Authors: Joe Hamman and Ryan Abernathey Date: February 7, 2019

Background and scope#

Xbatcher is a small library for iterating xarray objects in batches. The goal is to make it easy to feed xarray datasets to machine learning libraries such as Keras or PyTorch. For example, implementing a simple machine learning workflow may look something like this:

import xarray as xr
import xbatcher as xb

da = xr.open_dataset(filename, chunks=chunks)     # open a dataset and use dask
da_train = preprocess(ds)                         # perform some preprocessing
bgen = xb.BatchGenerator(da_train, {'time': 10})  # create a generator

for batch in bgen:                                # iterate through the generator['x'], batch['y'])             # fit a deep-learning model
    # or
    model.predict(batch['x'])                     # make one batch of predictions

We are currently envisioning the project growing to support more complex extract-transform-load components commonly found in machine learning workflows that use multidimensional data. We note that many of the concepts in Xbatcher have been developed through collaborations in the Pangeo Project Machine Learning Working Group.

Batch generation#

At the core of Xbatcher is the ability to define a schema that defines a selection of a larger dataset. Today, this schema is fairly simple (e.g. {‘time’: 10}) but this may evolve in the future. As we describe below, additional utilities for shuffling, sampling, and caching may provide enhanced batch generation functionality

Shuffle and Sampling APIs#

When training machine-learning models in batches, it is often necessary to selectively or randomly sample from your training data. Xbatcher can help facilitate seamless shuffling and sampling by providing APIs that operate on batches and/or full datasets. This may require working with Xarray and Dask to facilitate fast, distributed shuffles of Dask arrays.

Caching APIs#

A common pattern in ML is perform the ETL tasks once before saving the results to a local file system. This is an effective approach for speeding up dataset loading during training but comes with numerous downsides (i.e. requires sufficient file space, breaks workflow continuity, etc.). We propose the development of a pluggable cache mechanism in Xbatcher that would help address these downsides while providing improved performance during model training and inference. For example, this pluggable cache mechanism may allow choosing between multiple cache types, such as an LRU in-memory cache, a Zarr filesystem or S3 bucket, or a Redis database cache.

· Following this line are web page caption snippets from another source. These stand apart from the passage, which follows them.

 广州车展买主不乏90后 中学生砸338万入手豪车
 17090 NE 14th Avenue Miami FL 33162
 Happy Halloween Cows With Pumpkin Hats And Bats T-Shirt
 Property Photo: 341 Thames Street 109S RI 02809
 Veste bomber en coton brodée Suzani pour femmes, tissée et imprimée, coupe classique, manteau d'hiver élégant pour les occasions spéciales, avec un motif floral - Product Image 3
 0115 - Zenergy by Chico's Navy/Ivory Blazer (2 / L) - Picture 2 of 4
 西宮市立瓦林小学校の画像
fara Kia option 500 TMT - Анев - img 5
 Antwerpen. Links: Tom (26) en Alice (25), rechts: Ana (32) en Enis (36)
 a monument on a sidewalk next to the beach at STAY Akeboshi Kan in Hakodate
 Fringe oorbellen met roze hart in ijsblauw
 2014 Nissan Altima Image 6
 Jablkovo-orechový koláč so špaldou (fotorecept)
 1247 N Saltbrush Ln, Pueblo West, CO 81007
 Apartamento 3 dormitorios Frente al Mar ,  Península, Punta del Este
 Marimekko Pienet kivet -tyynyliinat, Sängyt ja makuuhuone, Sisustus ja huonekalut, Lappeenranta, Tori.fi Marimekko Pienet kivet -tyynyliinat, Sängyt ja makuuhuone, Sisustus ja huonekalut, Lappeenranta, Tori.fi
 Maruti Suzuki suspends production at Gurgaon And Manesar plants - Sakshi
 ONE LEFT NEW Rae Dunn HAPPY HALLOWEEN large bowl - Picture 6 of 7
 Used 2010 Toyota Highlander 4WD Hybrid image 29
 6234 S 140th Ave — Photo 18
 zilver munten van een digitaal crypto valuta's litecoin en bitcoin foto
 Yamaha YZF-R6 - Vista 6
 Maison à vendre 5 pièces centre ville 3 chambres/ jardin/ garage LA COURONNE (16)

Integration with TensorFlow and PyTorch Dataset Loaders#

Deep-learning libraries like TensorFlow and PyTorch provide high-performance dataset-generator APIs that facilitate the construction of flexible and efficient input pipelines. In particular, they have been optimized to support asynchronous data loading and training, transfer to and from GPUs, and batch caching. Xbatcher will provide compatible dataset APIs that allow users to pass Xarray datasets directly to deep-learning frameworks.


  • Core: Xarray, Pandas, Dask, Scikit-learn, Numpy, Scipy

  • Optional: Keras, PyTorch, Tensorflow, etc.